*Aim of the exercise:* From the first line of the entries down to the line with "Cara Dapat Kartu", write out every line exactly; that last line counts, but pictures do not.

*Provided data:*
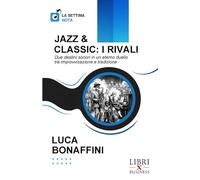 JAZZ & CLASSIC: I RIVALI: Due destini sonori in un eterno duello tra improvvisazione e tradizione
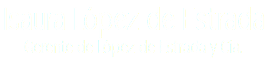 Isaura López de Estrada Gerente de López de Estrada y Cía. 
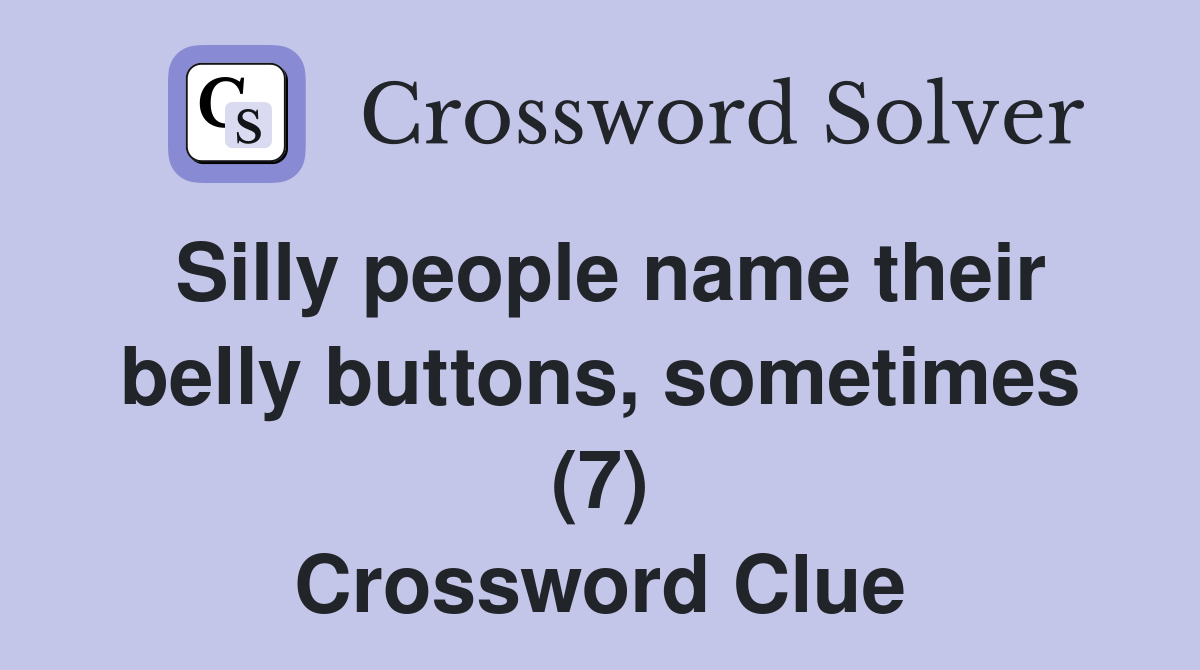 Silly people name their belly buttons, sometimes (7) Crossword Clue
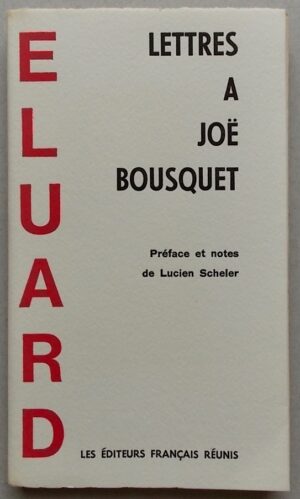 ELUARD (Paul) Lettres à Joë Bousquet. Paris, Les Editeurs Français Réunis, 1973.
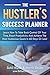 The Hustler's Success Planner by Sahil Mulla
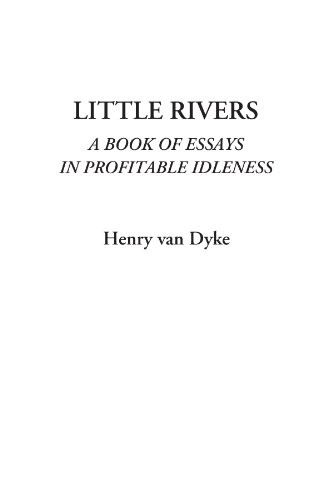 Little Rivers (A Book of Essays in Profitable Idleness) (9781404315556) by Dyke, Henry Van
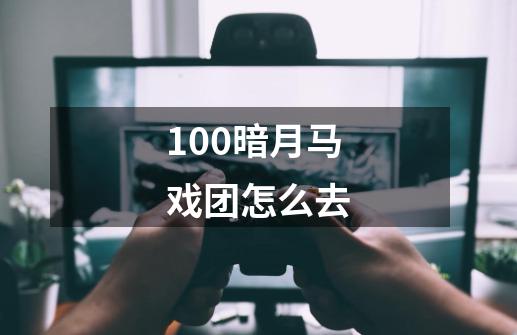 100暗月马戏团怎么去-第1张-游戏相关-尔合网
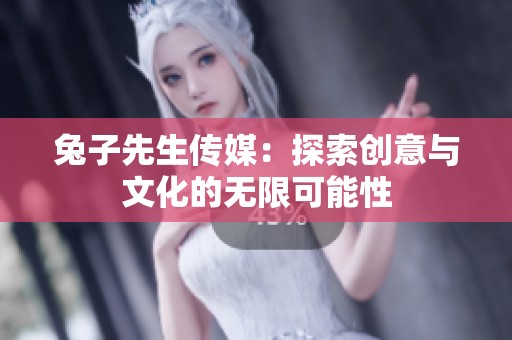 兔子先生传媒：探索创意与文化的无限可能性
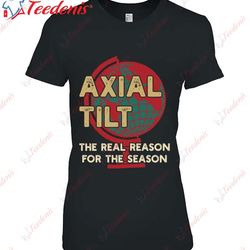 axial tilt the real reason for the season - not christmas shirt, long sleeve kids christmas shirts family wear love, sh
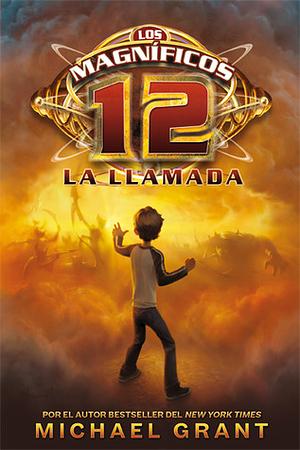 La Llamada by Michael Grant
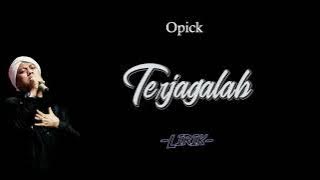 Opick - Terjagalah Lirik | Terjagalah - Opick Lyrics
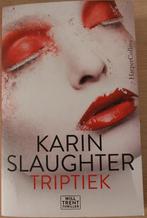 Karin Slaughter – Triptiek, Livres, Thrillers, Comme neuf, Karin Slaughter, Enlèvement ou Envoi, Amérique
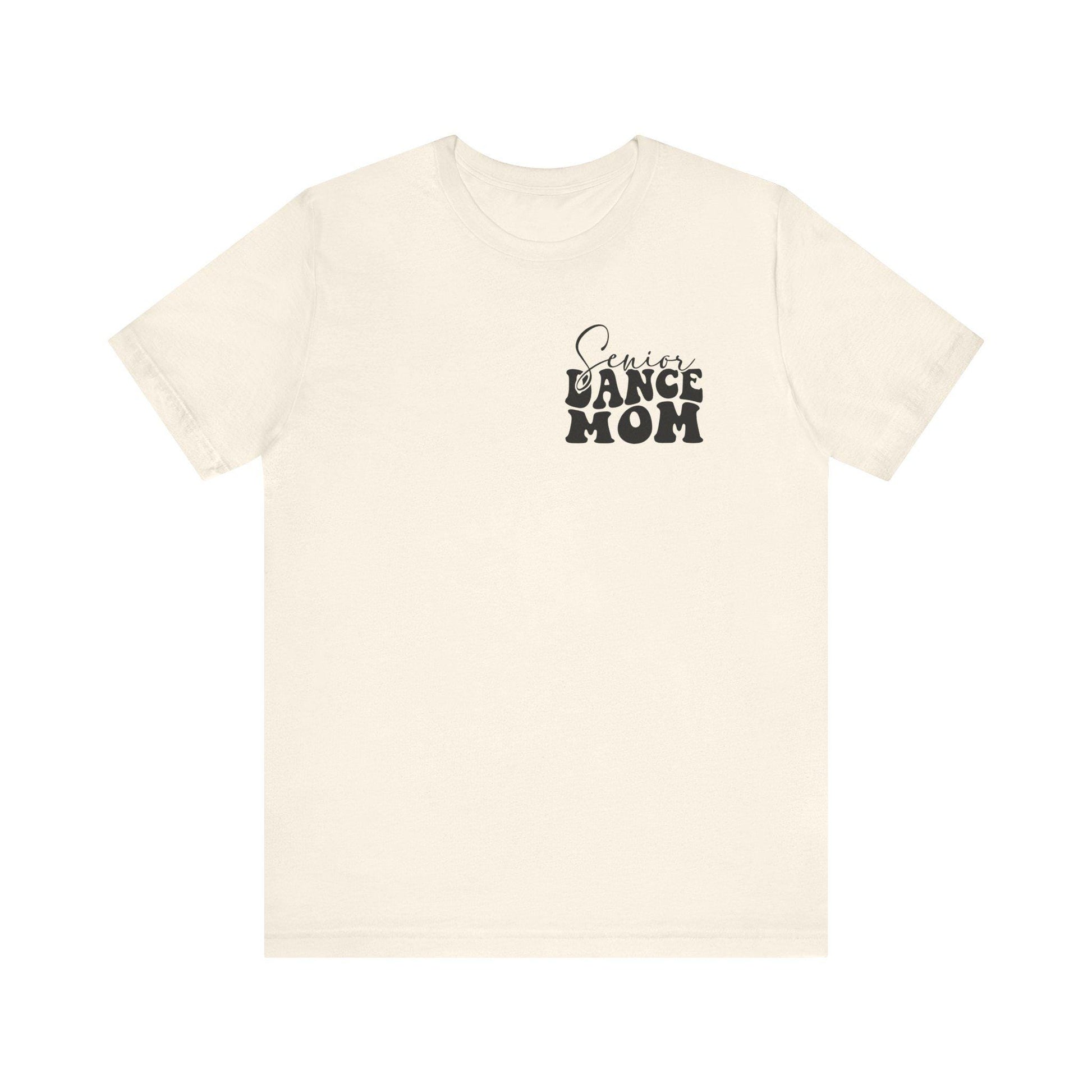 Senior Dance Mom Tee, Unisex T-Shirt for Dancers, Dance Team Gift, Senior Year Celebration, Last Dance Season Shirt, Dance Mom Apparel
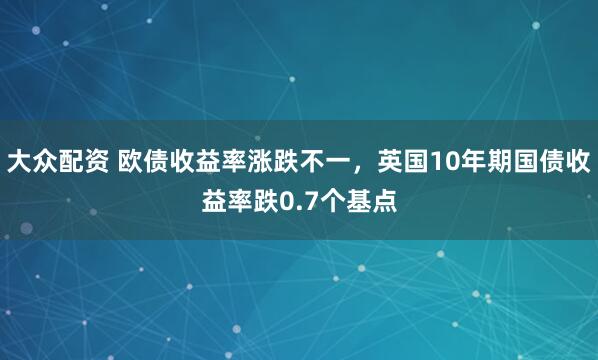 大众配资 欧债收益率涨跌不一，英国10年期国债收益率跌0.7个基点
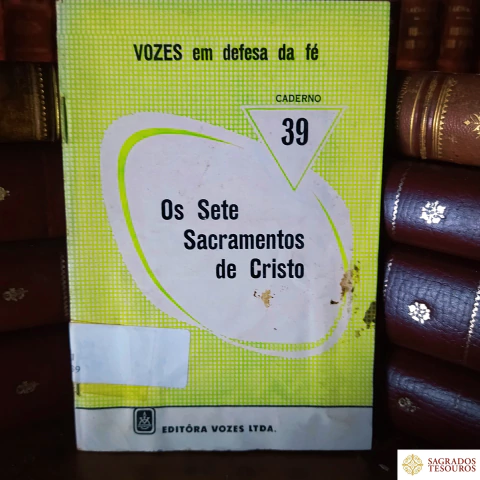 Os Sete Sacramentos de Cristo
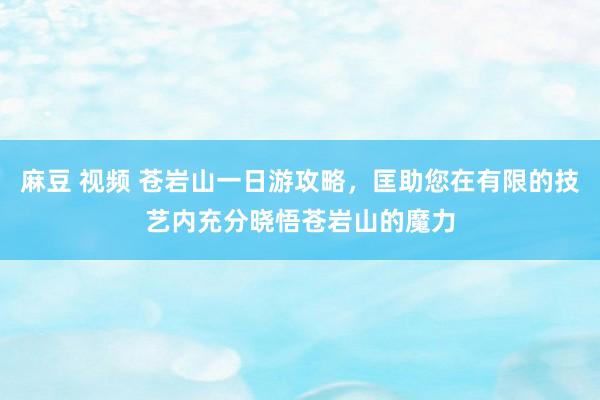 麻豆 视频 苍岩山一日游攻略，匡助您在有限的技艺内充分晓悟苍岩山的魔力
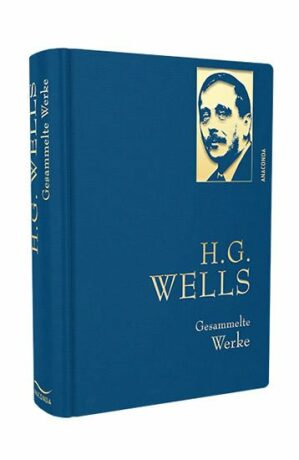 Gesammelte Werke: H. G. Wells - Wells Herbert George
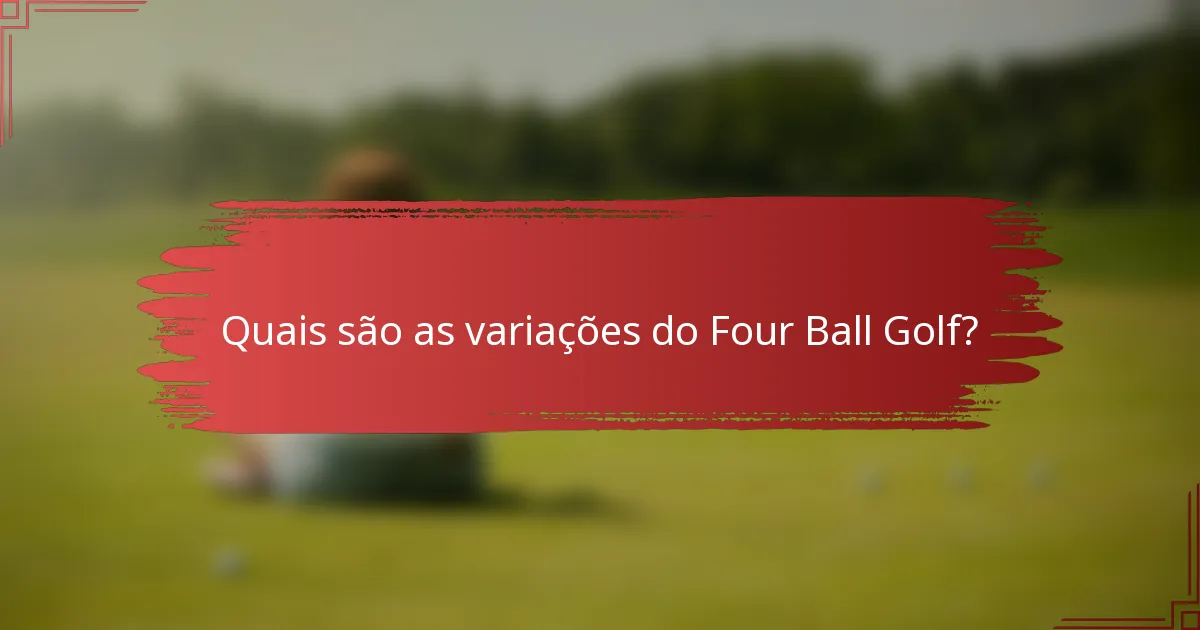 Quais são as variações do Four Ball Golf?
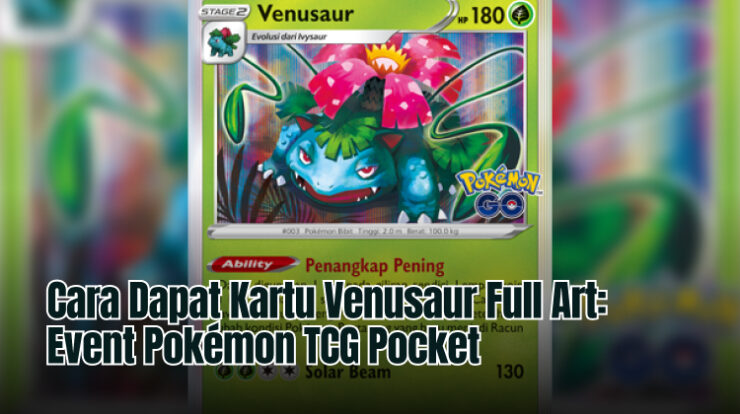 Cara Dapat Kartu Venusaur Full Art: Event Pokémon TCG Pocket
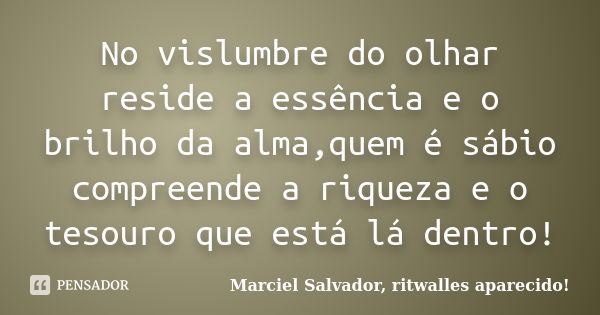 No vislumbre do olhar reside a essência e o brilho da alma,quem é sábio compreende a riqueza e o tesouro que está lá dentro!... Frase de Marciel Salvador, ritwalles aparecido!.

*Exercise result:*
 JAZZ & CLASSIC: I RIVALI: Due destini sonori in un eterno duello tra improvvisazione e tradizione
 Isaura López de Estrada Gerente de López de Estrada y Cía. 
 Silly people name their belly buttons, sometimes (7) Crossword Clue
 ELUARD (Paul) Lettres à Joë Bousquet. Paris, Les Editeurs Français Réunis, 1973.
 The Hustler's Success Planner by Sahil Mulla
 Little Rivers (A Book of Essays in Profitable Idleness) (9781404315556) by Dyke, Henry Van
 100暗月马戏团怎么去-第1张-游戏相关-尔合网
 兔子先生传媒：探索创意与文化的无限可能性
 axial tilt the real reason for the season - not christmas shirt, long sleeve kids christmas shirts family wear love, sh
 La Llamada by Michael Grant
 Opick - Terjagalah Lirik | Terjagalah - Opick Lyrics
 Karin Slaughter – Triptiek, Livres, Thrillers, Comme neuf, Karin Slaughter, Enlèvement ou Envoi, Amérique
 Senior Dance Mom Tee, Unisex T-Shirt for Dancers, Dance Team Gift, Senior Year Celebration, Last Dance Season Shirt, Dance Mom Apparel
 大众配资 欧债收益率涨跌不一，英国10年期国债收益率跌0.7个基点
 Os Sete Sacramentos de Cristo
 麻豆 视频 苍岩山一日游攻略，匡助您在有限的技艺内充分晓悟苍岩山的魔力
 Gesammelte Werke: H. G. Wells - Wells Herbert George
 Quais são as variações do Four Ball Golf?
 Cara Dapat Kartu Venusaur Full Art: Event Pokémon TCG Pocket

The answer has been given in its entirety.